Senin, 22 September 2025, Senin Pekan Biasa XXV
Bacaan: Ezr. 1:1-6; Mzm. 126:1-2ab,2cd-3,4-5,6; Luk. 8:16-18.
"Tidak ada orang yang menyalakan pelita lalu menutupinya dengan tempayan atau menempatkannya di bawah tempat tidur, tetapi ia menempatkannya di atas kaki dian, supaya semua orang yang masuk ke dalam rumah dapat melihat cahayanya.” [Luk 8: 16]
Rumah-rumah Palestina pada zaman Yesus umumnya terbuat dari tanah liat yang dikeraskan, dan memiliki jendela yang cukup untuk membiarkan udara dan cahaya masuk, tetapi untuk mencegah debu gurun dan panas masuk, ukuran jendala tersebut cukup kecil. Pada masa itu, lampu minyak atau pelita yang menyala di dalam rumah sangat berharga. Kenyataan sehari-hari inilah yang menginspirasi Yesus untuk berbicara dengan simbol-simbol seperti yang terdapat dalam Injil hari ini.
“Cahaya” atau “terang” biasanya merupakan tanda kehadiran Allah dalam Kitab Suci. Allah lah yang menciptakan cahaya dari kegelapan yang meliputi samudera raya dalam Kitab Kejadian. Penampakan Allah selalu disertai cahaya, seperti kilat dan semak yang terbakar. Nabi Yesaya dalam nubuatnya tentang kedatangan Mesias berkata: “Bangsa yang berjalan dalam kegelapan telah melihat cahaya yang besar…” Dalam Perjanjian Baru, Santo Yohanes mengembangkan Injilnya dengan tema-tema tentang cahaya Allah melawan kegelapan. St. Paulus, di sisi lain, menulis bahwa kita harus hidup sebagai anak-anak terang.
Injil kita hari ini kemudian menekankan bahwa sama seperti pelita ditempatkan di atas kaki dian untuk menerangi seluruh rumah, iman kita kepada Allah sebagai terang juga harus membawa kita untuk bersaksi tentang keyakinan kita agar orang lain dapat mendengar, melihat, dan mengalaminya (lih. Yoh 1:1-7).
Dua hal terkait dengan “membiarkan cahaya kita bersinar”:
- Sama seperti cahaya harus terus menerus menegaskan dirinya untuk mengalahkan kegelapan, demikian pula hidup kita dalam iman bukanlah tugas yang mudah. Kita harus terus menerus memperkuat komitmen kita di tengah tantangan kegelapan yang datang dari masyarakat, orang lain, sistem, dan diri kita sendiri.
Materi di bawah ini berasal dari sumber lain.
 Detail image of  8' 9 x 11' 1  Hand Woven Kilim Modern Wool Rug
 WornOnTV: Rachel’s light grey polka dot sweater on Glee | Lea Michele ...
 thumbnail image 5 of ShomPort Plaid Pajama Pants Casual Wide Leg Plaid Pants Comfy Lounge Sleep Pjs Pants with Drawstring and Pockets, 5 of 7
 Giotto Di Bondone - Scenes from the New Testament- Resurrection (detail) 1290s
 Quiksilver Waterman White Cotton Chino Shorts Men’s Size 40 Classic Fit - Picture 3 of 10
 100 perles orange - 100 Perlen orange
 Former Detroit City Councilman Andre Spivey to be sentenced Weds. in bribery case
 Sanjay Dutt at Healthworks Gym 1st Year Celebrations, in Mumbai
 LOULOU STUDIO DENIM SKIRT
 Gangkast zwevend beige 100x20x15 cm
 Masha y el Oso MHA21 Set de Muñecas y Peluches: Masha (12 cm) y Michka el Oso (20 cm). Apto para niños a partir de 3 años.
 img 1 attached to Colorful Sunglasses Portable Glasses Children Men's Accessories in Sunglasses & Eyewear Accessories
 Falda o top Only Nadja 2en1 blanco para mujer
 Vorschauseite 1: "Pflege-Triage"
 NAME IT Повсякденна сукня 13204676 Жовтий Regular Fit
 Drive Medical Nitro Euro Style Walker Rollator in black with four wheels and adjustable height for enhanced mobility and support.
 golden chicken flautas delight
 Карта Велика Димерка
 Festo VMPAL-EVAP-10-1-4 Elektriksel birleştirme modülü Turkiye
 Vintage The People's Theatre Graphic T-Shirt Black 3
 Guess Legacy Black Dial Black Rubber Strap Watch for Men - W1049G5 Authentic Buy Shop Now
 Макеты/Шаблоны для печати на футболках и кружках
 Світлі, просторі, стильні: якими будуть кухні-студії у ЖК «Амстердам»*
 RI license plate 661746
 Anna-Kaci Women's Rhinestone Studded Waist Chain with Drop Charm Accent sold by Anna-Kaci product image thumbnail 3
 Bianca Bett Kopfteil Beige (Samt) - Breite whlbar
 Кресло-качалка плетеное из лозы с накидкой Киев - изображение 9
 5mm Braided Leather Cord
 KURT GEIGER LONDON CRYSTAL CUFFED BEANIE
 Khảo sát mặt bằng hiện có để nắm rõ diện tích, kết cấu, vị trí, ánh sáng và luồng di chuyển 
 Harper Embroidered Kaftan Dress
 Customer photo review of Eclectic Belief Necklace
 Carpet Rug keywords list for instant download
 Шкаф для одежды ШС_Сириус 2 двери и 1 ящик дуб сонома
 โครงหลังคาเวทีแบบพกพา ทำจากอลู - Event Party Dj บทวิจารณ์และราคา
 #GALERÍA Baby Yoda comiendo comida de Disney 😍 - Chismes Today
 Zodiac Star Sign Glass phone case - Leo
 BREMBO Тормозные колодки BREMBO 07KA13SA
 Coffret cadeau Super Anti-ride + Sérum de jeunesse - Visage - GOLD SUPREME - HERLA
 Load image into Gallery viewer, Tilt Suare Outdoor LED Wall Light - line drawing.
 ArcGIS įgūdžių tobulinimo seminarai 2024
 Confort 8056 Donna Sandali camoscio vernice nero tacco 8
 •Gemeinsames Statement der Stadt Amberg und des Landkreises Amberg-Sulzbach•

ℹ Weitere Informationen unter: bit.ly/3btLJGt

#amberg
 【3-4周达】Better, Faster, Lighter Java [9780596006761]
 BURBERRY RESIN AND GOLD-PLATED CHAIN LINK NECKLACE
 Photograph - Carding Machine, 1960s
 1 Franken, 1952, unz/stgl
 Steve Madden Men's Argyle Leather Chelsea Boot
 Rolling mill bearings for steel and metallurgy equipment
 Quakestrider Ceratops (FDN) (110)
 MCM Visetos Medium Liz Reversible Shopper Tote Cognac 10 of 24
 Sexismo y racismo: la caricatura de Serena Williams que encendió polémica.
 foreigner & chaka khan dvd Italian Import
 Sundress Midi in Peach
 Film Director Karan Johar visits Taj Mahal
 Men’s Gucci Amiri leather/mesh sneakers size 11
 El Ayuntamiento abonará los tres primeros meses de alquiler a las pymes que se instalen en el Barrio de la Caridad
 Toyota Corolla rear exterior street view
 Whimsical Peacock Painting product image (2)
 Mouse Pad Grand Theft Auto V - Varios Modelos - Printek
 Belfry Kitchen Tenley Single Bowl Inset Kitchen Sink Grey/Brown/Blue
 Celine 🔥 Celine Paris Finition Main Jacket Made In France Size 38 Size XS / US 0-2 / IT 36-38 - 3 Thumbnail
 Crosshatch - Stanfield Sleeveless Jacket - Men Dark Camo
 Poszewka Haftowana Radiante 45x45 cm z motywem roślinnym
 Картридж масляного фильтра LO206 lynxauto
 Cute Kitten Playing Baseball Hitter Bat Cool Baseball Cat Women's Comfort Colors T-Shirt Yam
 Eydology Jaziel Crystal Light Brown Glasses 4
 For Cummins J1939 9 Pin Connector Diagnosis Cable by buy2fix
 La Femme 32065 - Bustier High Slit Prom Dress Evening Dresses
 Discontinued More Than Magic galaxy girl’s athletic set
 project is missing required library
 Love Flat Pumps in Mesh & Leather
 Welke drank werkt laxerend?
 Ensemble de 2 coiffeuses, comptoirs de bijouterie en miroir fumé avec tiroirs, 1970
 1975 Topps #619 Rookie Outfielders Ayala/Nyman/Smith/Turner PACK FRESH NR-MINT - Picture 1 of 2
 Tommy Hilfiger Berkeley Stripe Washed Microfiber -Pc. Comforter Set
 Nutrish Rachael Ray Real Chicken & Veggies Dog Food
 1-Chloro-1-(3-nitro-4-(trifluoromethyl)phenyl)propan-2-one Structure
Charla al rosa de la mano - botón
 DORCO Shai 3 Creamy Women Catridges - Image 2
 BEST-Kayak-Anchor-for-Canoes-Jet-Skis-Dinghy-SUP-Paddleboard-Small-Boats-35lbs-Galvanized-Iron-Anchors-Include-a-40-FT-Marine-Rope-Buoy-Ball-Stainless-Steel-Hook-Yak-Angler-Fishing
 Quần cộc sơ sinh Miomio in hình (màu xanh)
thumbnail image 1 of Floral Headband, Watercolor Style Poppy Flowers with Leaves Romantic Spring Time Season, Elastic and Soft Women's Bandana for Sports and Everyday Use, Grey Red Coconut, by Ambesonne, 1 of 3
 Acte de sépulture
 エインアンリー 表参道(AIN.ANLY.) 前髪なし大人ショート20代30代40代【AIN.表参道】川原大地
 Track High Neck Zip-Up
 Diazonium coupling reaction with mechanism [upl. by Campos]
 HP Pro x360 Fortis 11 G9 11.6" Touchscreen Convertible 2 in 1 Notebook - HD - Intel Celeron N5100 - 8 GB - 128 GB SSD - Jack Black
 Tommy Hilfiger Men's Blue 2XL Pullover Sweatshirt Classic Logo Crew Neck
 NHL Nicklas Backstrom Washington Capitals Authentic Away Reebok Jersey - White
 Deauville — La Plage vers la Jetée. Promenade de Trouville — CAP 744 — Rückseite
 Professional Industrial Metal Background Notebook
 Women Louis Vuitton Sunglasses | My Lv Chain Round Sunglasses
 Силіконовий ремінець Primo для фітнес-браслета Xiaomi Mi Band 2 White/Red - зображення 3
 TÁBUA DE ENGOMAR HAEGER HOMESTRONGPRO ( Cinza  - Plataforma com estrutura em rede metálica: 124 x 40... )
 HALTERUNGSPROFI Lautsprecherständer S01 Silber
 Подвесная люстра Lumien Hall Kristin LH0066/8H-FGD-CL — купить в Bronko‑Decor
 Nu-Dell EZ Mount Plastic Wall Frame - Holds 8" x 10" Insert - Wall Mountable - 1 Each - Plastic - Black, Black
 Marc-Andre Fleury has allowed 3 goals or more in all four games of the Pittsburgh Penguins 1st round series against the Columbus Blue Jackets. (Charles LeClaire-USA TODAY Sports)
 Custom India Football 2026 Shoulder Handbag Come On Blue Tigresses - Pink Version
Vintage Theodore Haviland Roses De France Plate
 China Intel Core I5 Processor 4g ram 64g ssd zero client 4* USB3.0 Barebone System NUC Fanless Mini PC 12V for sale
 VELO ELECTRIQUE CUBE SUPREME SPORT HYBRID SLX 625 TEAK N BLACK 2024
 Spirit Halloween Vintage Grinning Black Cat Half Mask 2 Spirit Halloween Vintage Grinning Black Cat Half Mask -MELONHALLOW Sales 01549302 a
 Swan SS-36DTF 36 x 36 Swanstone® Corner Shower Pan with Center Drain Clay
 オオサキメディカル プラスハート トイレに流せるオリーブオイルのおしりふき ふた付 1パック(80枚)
- Semakin api dinyalakan, ia memiliki kecenderungan alami untuk menjadi lebih besar! Demikian pula dengan iman kita. Iman yang dibagikan berulang kali juga menjadi iman yang diperkuat. Hal ini serupa dengan yang diungkapkan dalam pepatah bijak: “Latihan membuat kita sempurna.”
Biarkan iman kita bersinar, hidup secara transparan dalam terang Allah, dan terus bertumbuh setiap hari dalam kepercayaan serta kasih. Pelita iman yang dinyalakan dalam diri kita bukanlah untuk disembunyikan, melainkan untuk menerangi dunia.
Tuhan, semoga cahaya-Mu menembus diriku dan bersinar bagi banyak orang, menuntun mereka kembali kepada-Mu. Amin.